For the full menu, prices, hours, and locations, check out:
Pret A Manger
51 Hanover Street
Edinburgh, Scotland, EH2 2PJ
+44 (20) 7932-5338

Kensington Palace

Member Rating 5 out of 5 by girlytraveler on April 1, 2007

After a fresh morning at Costa was fabulous... we headed to Kensington Palace to view the collection of dresses that once belonged to Princess Diana (this was a special exhibit, so check to see if its still there). We only had to queue for a few minutes, but it was off-season, so I'd imagine the line to be longer during the summer.

Our tour of Kensington came with a self-guided audio touring device, which contained fascinating details to go along with both the permanent exhibition and the specialty showcase that we were interested in. The audio guide was not bulky, and could be skipped through, or replayed, allowing each tourist his or her own preferences.

Overall, I'd say that the Kensington collection was fantastic, and well worth a visit. It gives a great look into royal life, and the evolution of high society along with it. The vintage clothing, furniture, and fine china were all interesting, and the audio tour did a great job at being thorough.

A walk through Hyde Park is a nice companion activity, or if you want, Kensington Palace has a little cafe where you can take afternoon tea.

View the Kensington Palace website for more info:
Kensington Palace
Kensington Gardens
London, England, W8 4PX
+44 (20) 7937 9561

Westminster Abbey

Member Rating 5 out of 5 by girlytraveler on April 1, 2007

As part of our self-initiated walking tour of London, we stopped by the Houses of Parliament and Westminster Abbey.

We queued for tickets, and after receiving them from a friendly ticket agent, entered the famous House of God and House of Kings.
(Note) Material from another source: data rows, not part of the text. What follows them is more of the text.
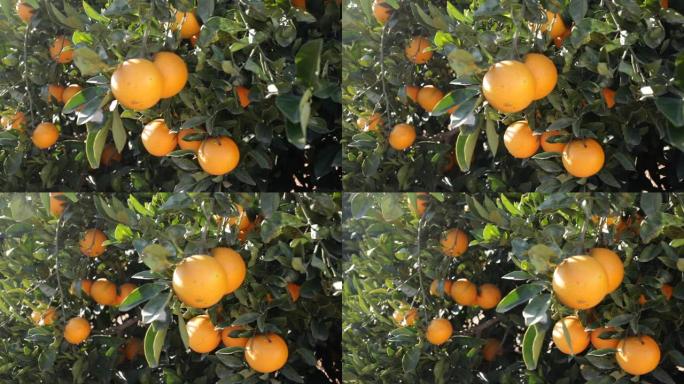 成熟橙色水果的特写镜头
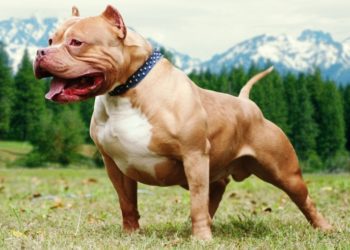 Χίος: Pit bull «έστειλε» στο Νοσοκομείο δύο γυναίκες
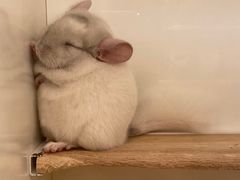 -龙猫仔乐园(惠福东路店)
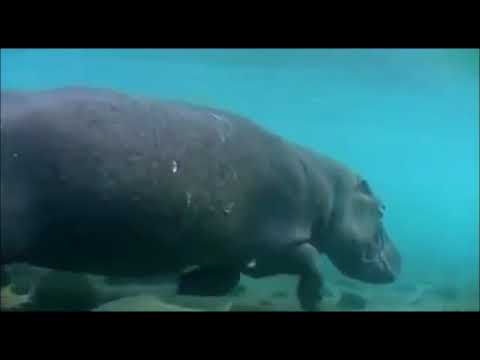 Видео: Дышат ли бегемоты под водой?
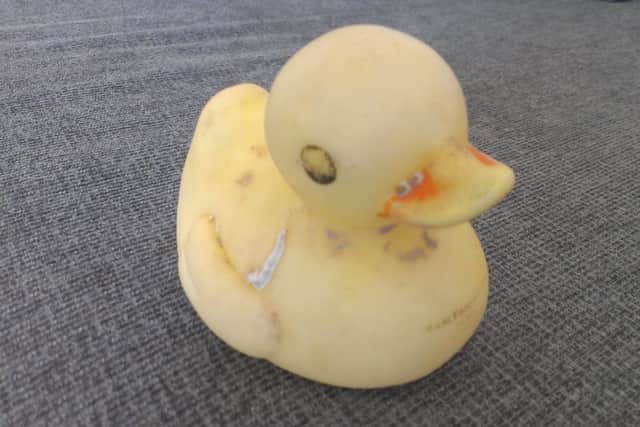 The Irish rubber duck found on Morecambe beach on St Patrick's Day.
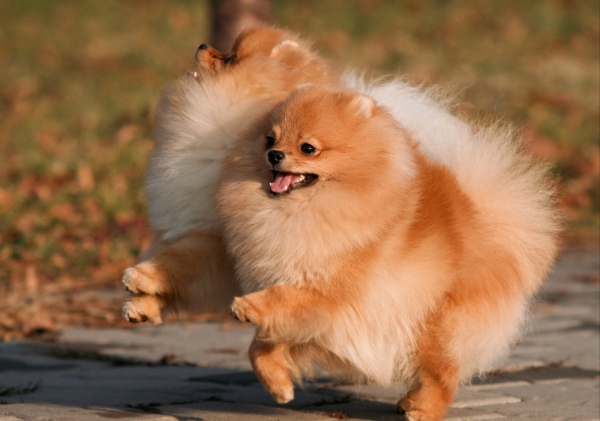 中国禁养犬种名单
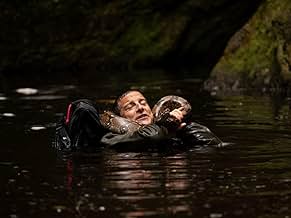 Animals on the Loose: A You vs. Wild Movie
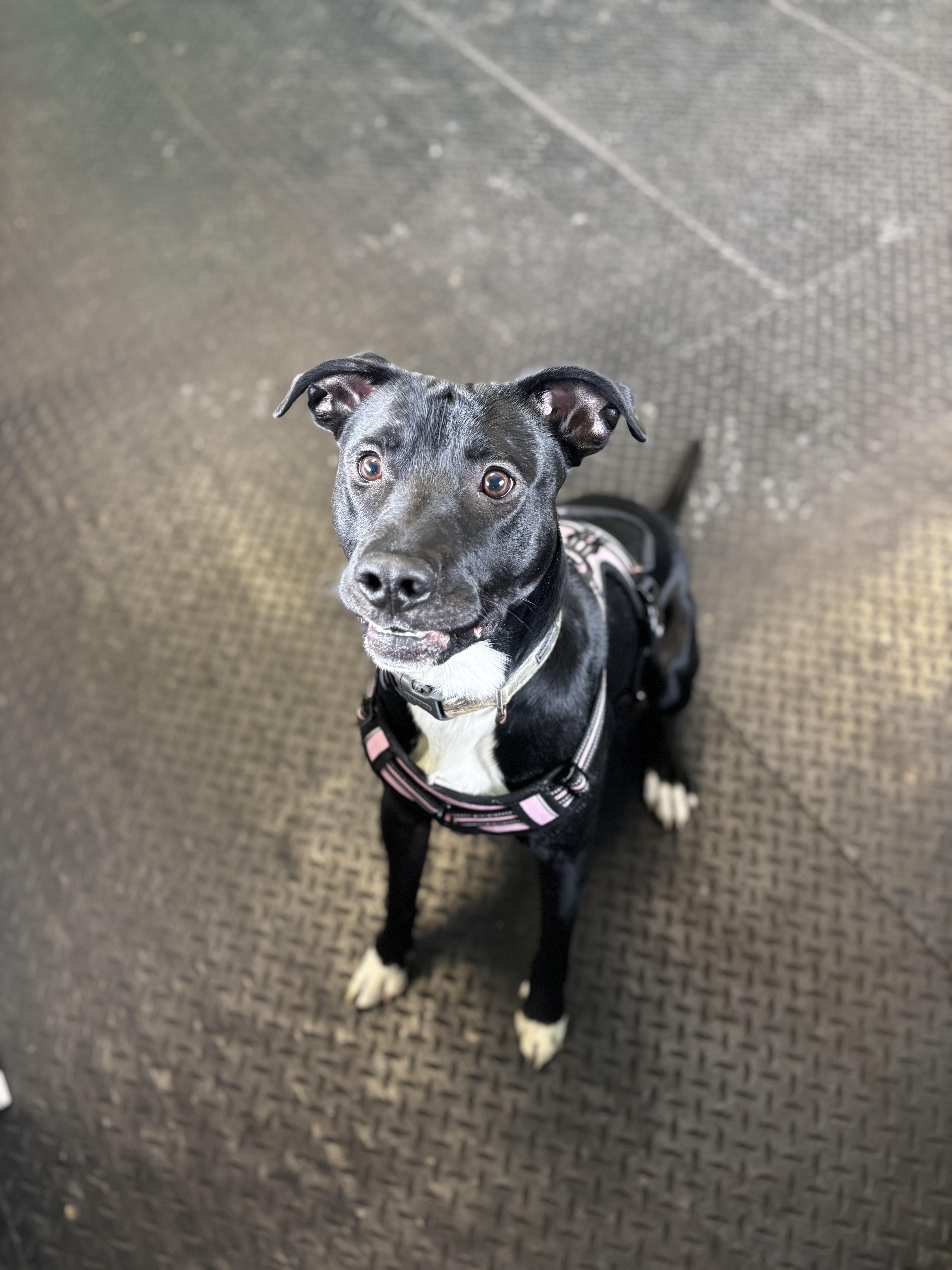 Fredrick, a ADOPTABLE mixed breed in Dodgeville, WI image 1/3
We opted not to join a guided tour, which cost extra, and instead just walked through with the free brochure, which was more than enough for us. The free brochure does an excellent job of guiding you through the hundreds of cool things that Westminster has to offer. From tombs to thrones, the abbey has enough to make anyone happy.

There are however, several things that you should not miss. If the abbey garden is open, take a stroll through it, there's an excellent view of Parliament from the garden, and since you're once again outside, you can take pictures.

Also, towards the back of the abbey (down the left corridor) there is a little museum with the faux crown jewels that the monarchy "practice" with for their coronations, as well as medieval weaponry and royal clothing. The ladies that run the museum area were eager to offer up tidbits and trivia that just added to the visit.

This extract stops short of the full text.